C'est « Tournez manège ». Les Espagnols, déçus des socialistes, se ruent vers la droite. Mais la question est : « Est-ce que l'on va continuer cette politique de récession cumulative en Europe, avec des pays asphyxiés par l'euro et des taux d'intérêt trop chers ? »

En sortant de l'euro, avec quel argent aller acheter sa baguette ?

Vous prendrez des « euros-francs ». Il faudra imprimer des billets, sortir des pièces. Chaque pays retrouvera une monnaie adaptée à son économie. Et l'on gardera un euro « monnaie commune » pour les transactions entre les banques, les grandes entreprises. Quel est l'enjeu ? Quand on a une monnaie trop chère, les activités économiques partent. En dix ans, la France a perdu un million d'emplois industriels. Si l'on perd un autre million, nous serons des clochards.

Qu'est-ce qui vous différencie de Marine Le Pen ?

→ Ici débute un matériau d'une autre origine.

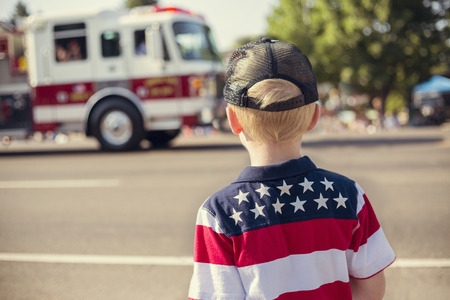 Kids watching an Independence Day Parade and a ambulance drives by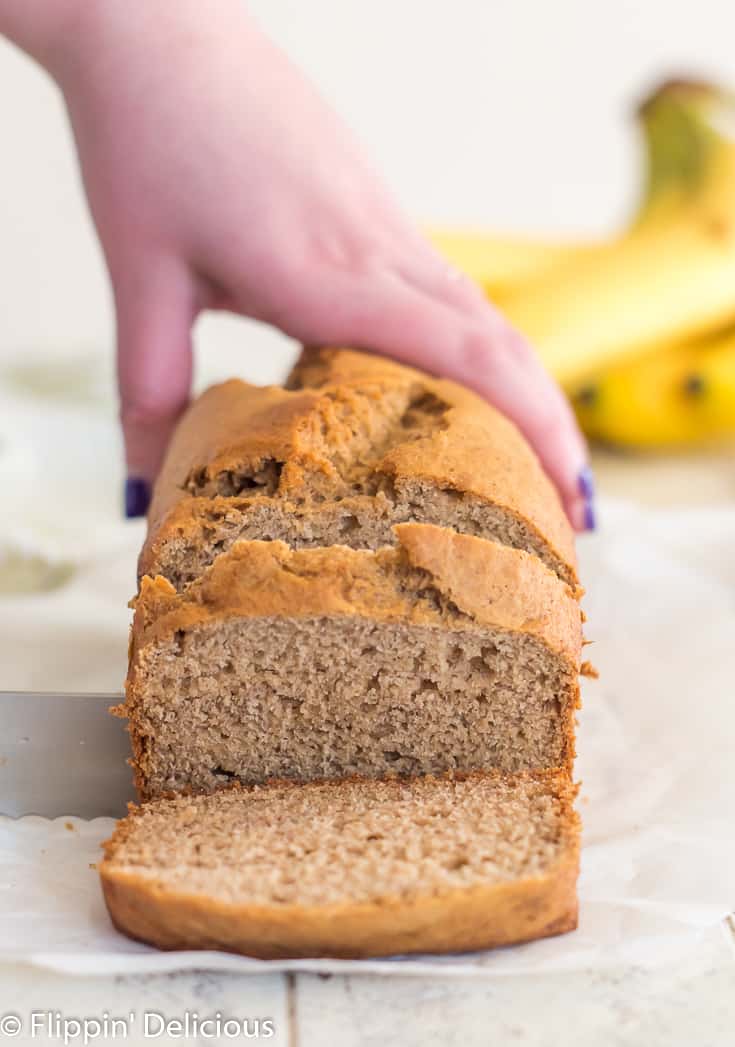 hand holding loaf of gluten free banana bread steady whille cutting with a serrated knife 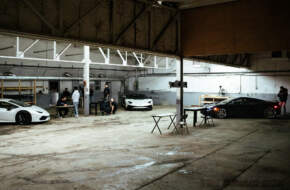The whole team working in big garage with two Lamborghinis and a McLaren parked inside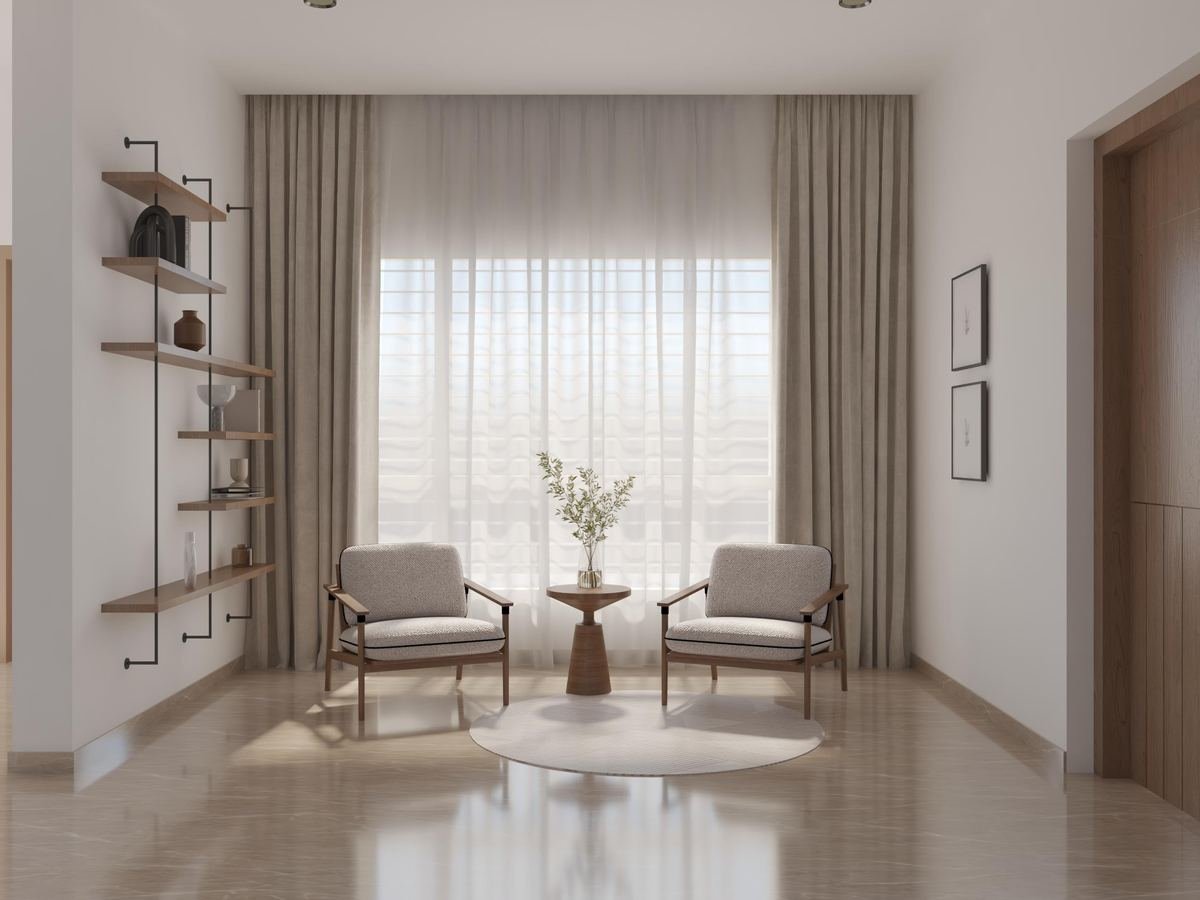 Reading lounge with two upholstered armchairs and sheer curtains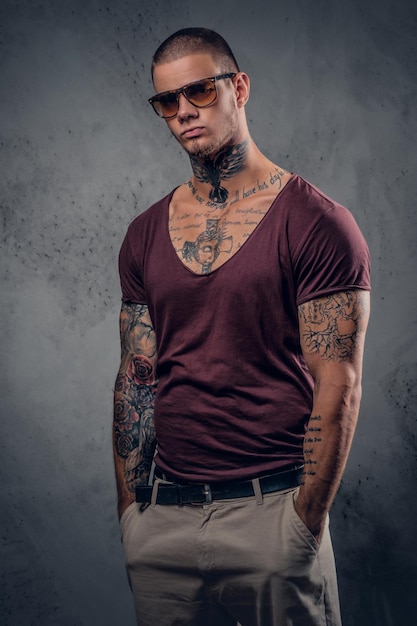 Photo gratuite beau mâle athlétique en lunettes de soleil avec des tatouages sur les bras et le cou posant sur un fond artistique gris dans un studio.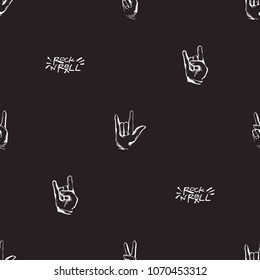 Rock and roll seamless pattern with rock'n'roll text sign, peace and rock gestures. Vector hard rock doodle illustration. Cartoon rock backdrop for music band, concert, party with black background.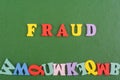 FRAUD word on green background composed from colorful abc alphabet block wooden letters, copy space for ad text. Learning english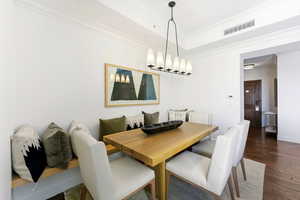 Dining area with dark wood finished floors, crown molding, and a raised ceiling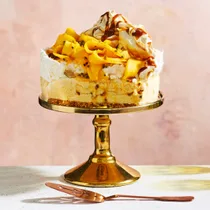 Frozen mango pavlova with passionfruit on a gold cake stand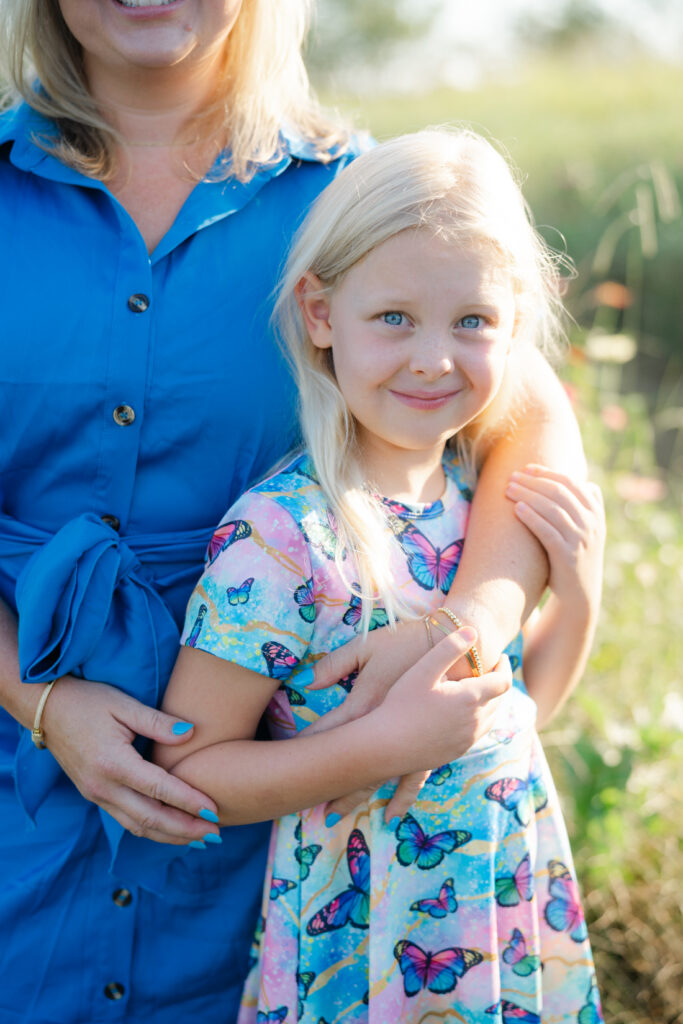 Nashville summer mini sessions featuring a mother and daughter cuddling together in a colorful flower field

Je suis gaulliste. Je crois que l'on ne peut redresser la France qu'en rassemblant les Français, en ne suggérant pas qu'il y a des Français plus français que d'autres. De plus, des éléments sont différents : l'école, la participation dans l'entreprise, la peine de mort… Le protectionnisme et la sortie de l'euro n'appartiennent pas à un candidat.

Ressentez-vous le fait d'être un « petit » candidat présidentiel ?

Il n'y a pas de petit candidat en démocratie. Quant aux 500 signatures, nous sommes aujourd'hui à plus de 380 promesses écrites. Mais, je sais que jusqu'à la dernière limite, tout sera fait pour que je ne les ai pas. Mon discours dérange les tenants d'un système qui préfère voir les extrêmes s'agiter plutôt que voir un candidat raisonnable proposer un vrai changement.

Subissez-vous des pressions ?

Il est clair que des députés UMP essaient de faire signer le maximum de maires pour Nicolas Sarkozy. Ils font pression sur les maires pour qu'il n'y ait pas de candidature alternative. Tous les jours, nous en avons des exemples.